Особенности каждого из ресурсов власти и их комплексное взаимодействие будут более подробно освещены в томе 3. Здесь я затронул их только для того, чтобы показать сложности, стоявшие на пути любой общей теории источников власти как независимых «факторов», «измерений» или «уровней» обществ, которые мы находим, например, в марксистской и неовебери-анской теориях. Источники власти являются различными организационными средствами, полезными для социального развития, но каждый из них предполагает существование и взаимосвязи с другими в различной степени. Эти «идеальные типы» встречаются в социальной реальности крайне редко. Реальные общественные движения обычно смешивают элементы большинства, если не все источники власти, в более общие конфигурации власти. Даже если один источник власти временно преобладает, как в примерах, приведенных выше, он возникает в социальной жизни, используя свои «путеукладческие», реорганизационные возможности, и затем его все труднее отделить от социальной жизни. Я вернусь к этим более общим конфигурациям позднее.
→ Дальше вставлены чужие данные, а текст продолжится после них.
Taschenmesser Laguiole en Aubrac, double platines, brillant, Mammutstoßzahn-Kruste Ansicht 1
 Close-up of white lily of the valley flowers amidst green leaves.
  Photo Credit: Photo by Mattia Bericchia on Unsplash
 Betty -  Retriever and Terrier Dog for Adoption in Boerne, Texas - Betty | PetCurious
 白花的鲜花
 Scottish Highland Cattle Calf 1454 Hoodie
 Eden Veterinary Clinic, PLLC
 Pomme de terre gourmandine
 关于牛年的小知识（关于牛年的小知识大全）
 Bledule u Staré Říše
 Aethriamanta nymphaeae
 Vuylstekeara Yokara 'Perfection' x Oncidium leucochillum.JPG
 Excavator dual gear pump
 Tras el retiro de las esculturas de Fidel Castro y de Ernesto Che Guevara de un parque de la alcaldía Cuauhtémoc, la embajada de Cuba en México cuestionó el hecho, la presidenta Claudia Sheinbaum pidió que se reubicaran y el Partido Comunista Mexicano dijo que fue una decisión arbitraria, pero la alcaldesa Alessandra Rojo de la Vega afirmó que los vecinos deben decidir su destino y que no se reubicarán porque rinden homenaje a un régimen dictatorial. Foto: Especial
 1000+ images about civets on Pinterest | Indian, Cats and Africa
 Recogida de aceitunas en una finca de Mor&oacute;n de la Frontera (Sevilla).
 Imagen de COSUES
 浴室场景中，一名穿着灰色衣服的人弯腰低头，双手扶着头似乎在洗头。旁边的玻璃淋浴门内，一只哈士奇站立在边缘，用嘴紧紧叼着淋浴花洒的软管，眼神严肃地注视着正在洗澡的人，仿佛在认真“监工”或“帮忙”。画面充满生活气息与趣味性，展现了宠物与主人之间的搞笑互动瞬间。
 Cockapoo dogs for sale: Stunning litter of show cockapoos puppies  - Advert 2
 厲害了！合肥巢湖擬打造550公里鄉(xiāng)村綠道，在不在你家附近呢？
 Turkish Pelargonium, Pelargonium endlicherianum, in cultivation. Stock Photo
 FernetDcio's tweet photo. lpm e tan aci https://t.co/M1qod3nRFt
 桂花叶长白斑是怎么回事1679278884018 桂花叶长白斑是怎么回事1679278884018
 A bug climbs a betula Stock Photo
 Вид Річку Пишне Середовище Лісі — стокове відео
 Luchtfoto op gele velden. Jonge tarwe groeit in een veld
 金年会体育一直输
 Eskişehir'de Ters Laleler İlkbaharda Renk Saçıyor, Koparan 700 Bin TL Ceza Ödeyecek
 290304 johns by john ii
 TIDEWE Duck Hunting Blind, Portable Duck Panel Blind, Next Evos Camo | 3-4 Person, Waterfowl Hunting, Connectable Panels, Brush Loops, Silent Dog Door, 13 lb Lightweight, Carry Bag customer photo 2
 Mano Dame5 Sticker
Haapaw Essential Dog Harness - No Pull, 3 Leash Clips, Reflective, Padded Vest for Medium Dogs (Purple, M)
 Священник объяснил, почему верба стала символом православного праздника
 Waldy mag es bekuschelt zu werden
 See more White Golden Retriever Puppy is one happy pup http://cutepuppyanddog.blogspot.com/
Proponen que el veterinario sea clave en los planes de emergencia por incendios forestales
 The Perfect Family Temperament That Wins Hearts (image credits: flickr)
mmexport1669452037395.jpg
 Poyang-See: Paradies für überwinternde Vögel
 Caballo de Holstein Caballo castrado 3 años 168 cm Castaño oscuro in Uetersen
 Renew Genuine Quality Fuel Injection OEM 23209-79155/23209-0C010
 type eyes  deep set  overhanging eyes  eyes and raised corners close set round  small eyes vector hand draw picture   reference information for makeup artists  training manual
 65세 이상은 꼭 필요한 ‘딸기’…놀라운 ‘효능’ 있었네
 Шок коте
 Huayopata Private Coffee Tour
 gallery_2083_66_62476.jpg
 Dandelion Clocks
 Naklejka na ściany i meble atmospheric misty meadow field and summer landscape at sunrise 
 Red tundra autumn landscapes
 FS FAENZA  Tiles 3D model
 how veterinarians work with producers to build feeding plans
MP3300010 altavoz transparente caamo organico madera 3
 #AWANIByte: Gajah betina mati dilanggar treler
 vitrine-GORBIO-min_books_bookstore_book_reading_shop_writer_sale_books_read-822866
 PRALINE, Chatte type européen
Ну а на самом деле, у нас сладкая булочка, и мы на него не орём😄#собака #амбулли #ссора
Более того, не существует очевидных общих паттернов взаимодействий источников власти. Например, к настоящему моменту вполне очевидно, что этот том не подтверждает общих положений «исторического материализма». Отношения экономической власти не представляют собой «финальной истины в последней инстанции» (по выражению Энгельса), история не является «бесконечной чередой способов производства» (Ва-libar 1970: 204), классовая борьба не является «двигателем истории» (по выражению Маркса и Энгельса). Отношения экономической власти, способы производства и социальные классы появляются и исчезают в исторических записях. В случайных всемирно-исторических движениях они решающим образом реорганизуют социальную жизнь; обычно они важны в сочетании с другими источниками власти, иногда они сами становятся объектом реорганизации с их стороны. То же самое можно сказать обо всех источниках власти: они приходят и уходят, появляются и исчезают из исторических записей. Поэтому особенно решительно я не могу согласиться с Парсонсом (Parsons 1966: 113), который пишет: «Я культурный детерминист… я верю, что… нормативные элементы более значимы для социального изменения, чем… материальные интересы». Нормативные и прочие идеологические структуры различаются по своей исторической силе: мы просто не найдем идеологического движения огромных реорганизующих мир сил раннего христианства или ислама во многие исторические эпохи и в обществах, что не отрицает их могущества в тот момент всемирно-исторического времени, когда они действительно изменили мир. Также неверно, как заявляли Спенсер и другие теоретики войны, что военная власть была решающим «путеукладчиком» в экстенсивных доиндустриальных обществах. Главы 6 и 7 демонстрируют массу исключений, самыми примечательными из которых выступают Греция и Финикия. Политических детерминистов не так много. Но их аргументы также были бы ограничены историческими приливами и отливами политической власти.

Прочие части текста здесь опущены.